Однако долго над самим собой дивиться не пришлось, насторожила тетя Рая. Перестала прислушиваться к шарканью, летящему из сарая, целиком на Горьку переключилась. И потихоньку, полегоньку стерлась улыбка, исчезло добродушие. Лицо вроде бы покаменело, глаза построжели. Она с явным нетерпением дослушивала рассказ. И едва Горька произнес последнее слово, решительно поднялась со скамейки.
- Что ж ты прохлаждаешься? Отец-то уходит все дальше и дальше... - Как-то подозрительно недоверчиво посмотрела на Горьку.
- Отец?
Горька машинально выговорил это слово и почему-то почувствовал облегчение. Но докапываться до причины душевного полегчания у него не было возможности: затормошила тетя Рая. Она, точно девчонка, рассовывала по Горькиным карманам какие-то сверточки-кулечки и все время торопила его, торопила, в спину подталкивала. Уходя, едва не забыл свои чуни, палку и узелок. Как ни торопилась добрая тетенька, она все равно всего не успела. И напутствие пришлось кричать вдогонку.
- Отец на Андреевку пошел. Селом не ходи, крюк большой; вон за теми домами тропинка есть, по ней путь спрямишь. Не прогляди ее...
Горька шибко шагал, ни о чем не думал, однако голова не была пустой. Наоборот, тяжесть в ней чувствовалась такая, что при иных самых сложных мыслях и то легче бывает.
Не сразу начал остывать от "нагнанной" тетей Раей торопливости. А как поохолонул достаточно, то понял - тропинку-то зевнул. Возвращаться не стал.

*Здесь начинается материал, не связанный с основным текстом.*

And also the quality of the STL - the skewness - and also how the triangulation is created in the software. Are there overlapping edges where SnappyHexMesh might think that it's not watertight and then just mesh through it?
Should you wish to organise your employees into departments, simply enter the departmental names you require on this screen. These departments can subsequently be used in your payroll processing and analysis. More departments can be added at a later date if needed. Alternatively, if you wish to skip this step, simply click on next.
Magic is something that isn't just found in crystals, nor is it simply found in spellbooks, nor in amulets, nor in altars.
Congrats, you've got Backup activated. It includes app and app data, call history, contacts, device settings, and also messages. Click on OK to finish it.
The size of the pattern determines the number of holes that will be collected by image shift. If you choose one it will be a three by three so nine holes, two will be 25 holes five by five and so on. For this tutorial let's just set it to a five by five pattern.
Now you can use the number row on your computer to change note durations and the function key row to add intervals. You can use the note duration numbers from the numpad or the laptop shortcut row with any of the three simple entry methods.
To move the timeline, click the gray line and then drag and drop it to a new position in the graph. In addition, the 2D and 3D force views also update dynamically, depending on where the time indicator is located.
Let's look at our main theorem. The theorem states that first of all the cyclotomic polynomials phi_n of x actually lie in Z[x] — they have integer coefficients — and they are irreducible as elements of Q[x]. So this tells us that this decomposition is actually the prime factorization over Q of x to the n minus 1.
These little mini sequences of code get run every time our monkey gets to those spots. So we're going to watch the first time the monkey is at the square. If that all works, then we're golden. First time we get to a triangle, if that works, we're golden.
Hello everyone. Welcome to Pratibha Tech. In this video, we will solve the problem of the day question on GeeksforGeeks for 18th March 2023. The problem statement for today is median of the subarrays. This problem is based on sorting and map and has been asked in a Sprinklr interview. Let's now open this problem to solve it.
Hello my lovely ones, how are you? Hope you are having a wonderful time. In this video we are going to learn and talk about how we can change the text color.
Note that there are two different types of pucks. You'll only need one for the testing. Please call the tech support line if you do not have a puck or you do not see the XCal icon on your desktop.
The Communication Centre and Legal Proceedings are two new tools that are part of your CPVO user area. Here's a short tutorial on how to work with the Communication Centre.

Откуда-то из дальнего, потаенного закоулочка самого себя услышал слабенький писклявый голосочек: "Куда спешишь? За кем?" Голосок тут же удалось подавить, но и шаг стал покороче, помедленнее. Горька по сторонам огляделся: вон ведь как умудрился - полсела оттопал и села не видел. Теперь ему показалось, что он и вовсе не шел, просто сюда его по воздуху закинули. От недалекой избы, приставив ладошки козырьком, его внимательно разглядывали три старушки. Делали они это основательно, со спокойствием. Но от их спокойствия сделалось тревожно, появилось ощущение, будто он сильно виноват перед ними и теперь вот пришло время отвечать за вину. И еще показалось, будто старушки - все три - сильно смахивают обличьем на бабку Елену. Даже боязно сделалось. Да и как тут не забоишься, коль от одной бабки Елены еле отбивался, а тут нут-ко втрое больше накинутся? Вновь зашагал пошибче. Но еще долго чувствовал спиной те спокойные взгляды.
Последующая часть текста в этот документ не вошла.